The gist of this article is that after years of measuring NYC's efforts to close the achievement gap showed consistent success, the gains made by black and Hispanic students relative to white and Asian students largely disappear when a widely accepted national measure is used instead of the state tests that had provided the earlier data. This is the kind of data that will be trumpeted about and said to mean many things, but I need to quote my statistics professor once more: "figures lie, and liars figure."

Monday, August 9

Don't Go it Alone

This article from Monday's New York Times describes a strategy - replacing a quarter of a failing schools' teachers with a squad of talented, experienced educators - that at once is among the most promising and the most challenging of effort to transform schools.

The promise lies in some of what we know about organizational culture and the change process. Change that relies on a single, charismatic leader, despite stories that often highlight such leadership, is not widely replicable or sustainable. Not only are there simply not enough of those people, but each school is a culture, one that carries forward not just teachers, but families and communities, sports teams and

21st Century Community Learning

The subheading of this article reads, "Coordinators of 33 Maine programs fear a shift in how 21st Century Community Learning money is given out." The article goes on to list some of the programs that will be cut - a wide variety, but what these programs have in common is that they keep kids engaged in adult-led activities after school. In Maine, lots of middle and high-schoolers get out pretty close to 2:00 and, unless they have an extracurricular activity or parent who can pick them up, they're on their own. For now, let's assume all 107 programs receiving the funds are making a real difference in the lives of the kids they work with.

The question would then be, why redirect this money? Some context will help.

Following Maine's lead again...

The idea of eliminating the "D" is not new...Poland Regional High School in Maine opened with a version of this policy 10 years ago. The article captures part of the idea - disincentivizing work that isn't quite good enough to be called mediocre - but misses the larger idea that the elimination of the "D" at Poland and in other schools affiliated with the Coalition of Essential Schools was linked to: standards-based grading and assessment. What Mt. Olive has done may go part of the way - we'd need to know more about what it took to get a 63 vs. a 70.

We know from experience that raising standards works.

Wednesday, August 4

What are charter schools?

In response to reading our blog for the first time, a Maine school superintendent wrote with the very kinds of questions I think need to be part of the larger debate.

"I am very intrigued by the discussion of charter schools and would like to learn more about the 'real deal,' when it comes to these schools. Are they producing a better product, do they siphon off moneys that could bolster public schools, are they designed for tailor made audiences, how is tuition handled (do the charter schools take the same amount of per pupil money as allocated to public schools), do they accommodate special needs, what are the two major disadvantages/worries, and the two real advantages?"

I'm going to attempt to answer those questions one at a time over the next couple days...the 'real deal' is that done well, charter schools are fully public schools that, rather than drain resources from public schools, ARE public schools that help communities serve more kids well...but, as you'll see, that's easier said than done.

Sunday, August 1

Initiatives await next governor

That Maine's Race to the Top application failed is no surprise to anyone who knew anything about the process or the Obama administration's goals.

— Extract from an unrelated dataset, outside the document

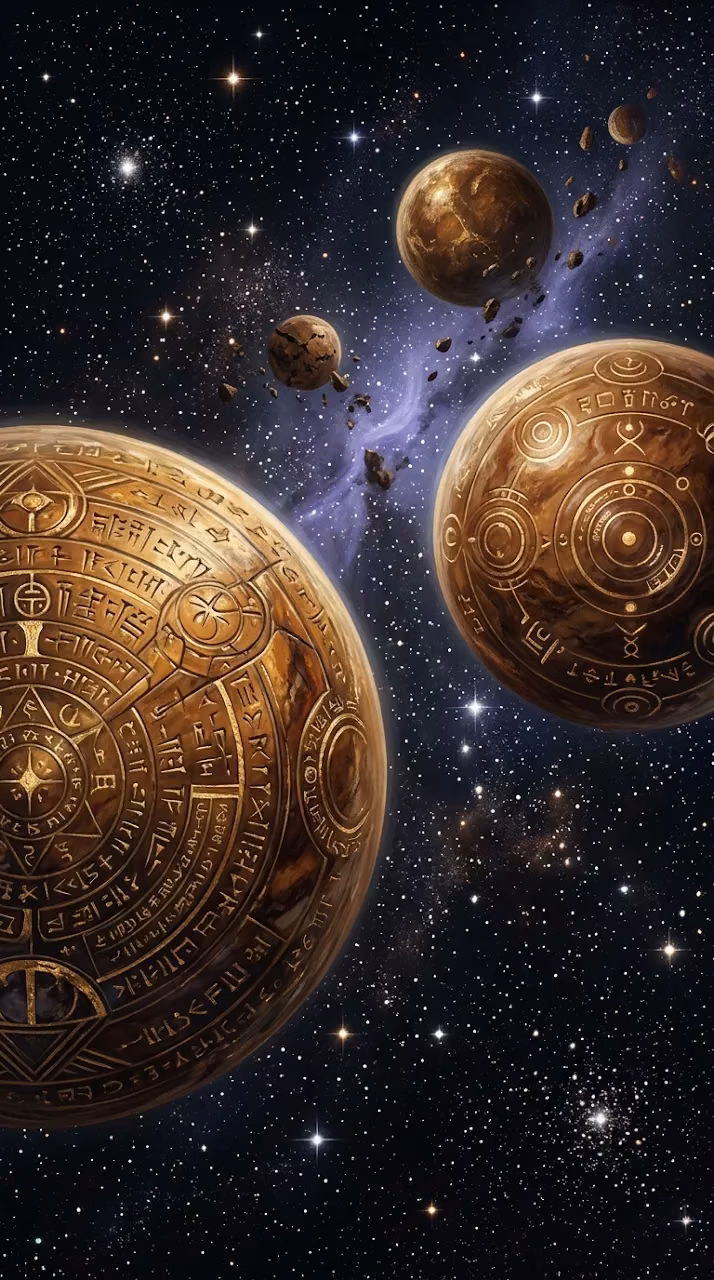 Download Ancient Cosmic Scene with Marble Planets and Etched Symbols Wallpaper in Mobile HD Ancient Cosmic Scene with Marble Planets and Etched Symbols - Free Mobile AMOLED Wallpaper Background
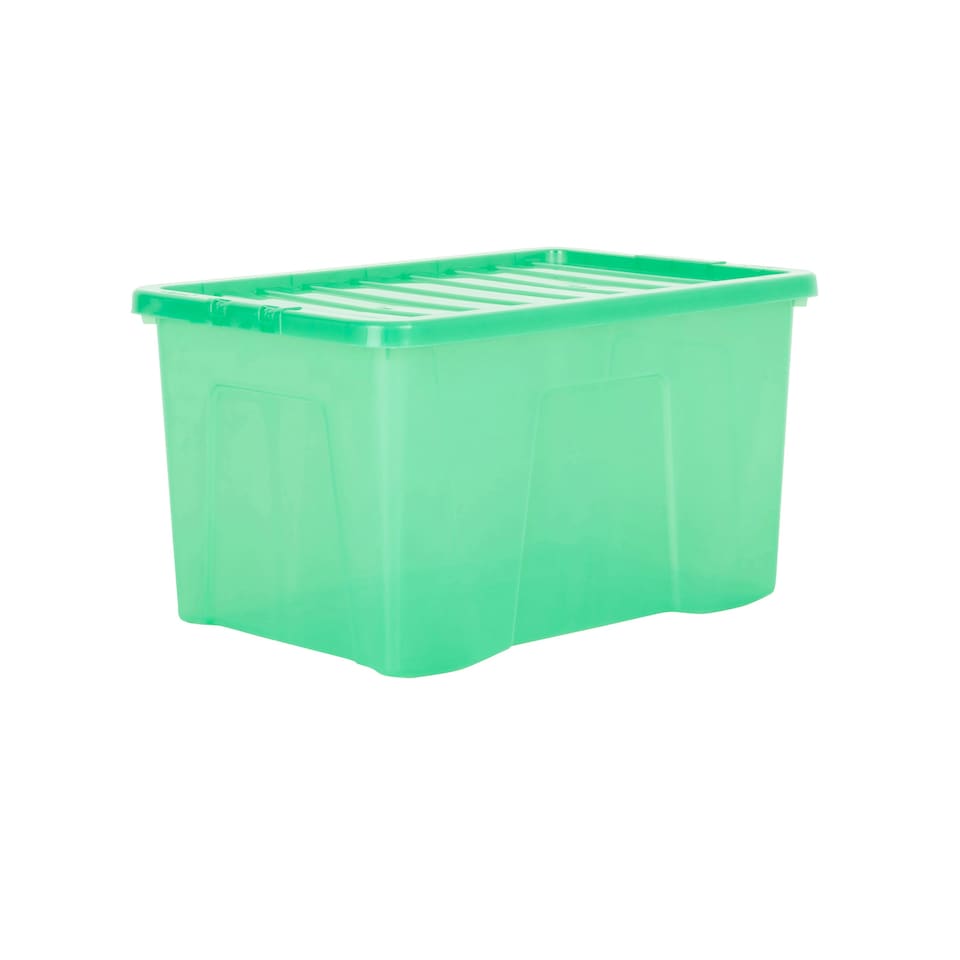 image 1 of Wham Crystal 5 x 60L Stackable Plastic Storage Boxes with Lids Green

Maine's application was not seen as a credible attempt to implement the actual reform strategies as much as a somewhat half-hearted attempt to get the money that might go with such an award. I've written previously about the three "sheep in sheep's clothing" bills passed to make it seem like the Education Dept. might lead the charge for reform - money or no money, they were unlikely to enable any serious rethinking of how our schools function.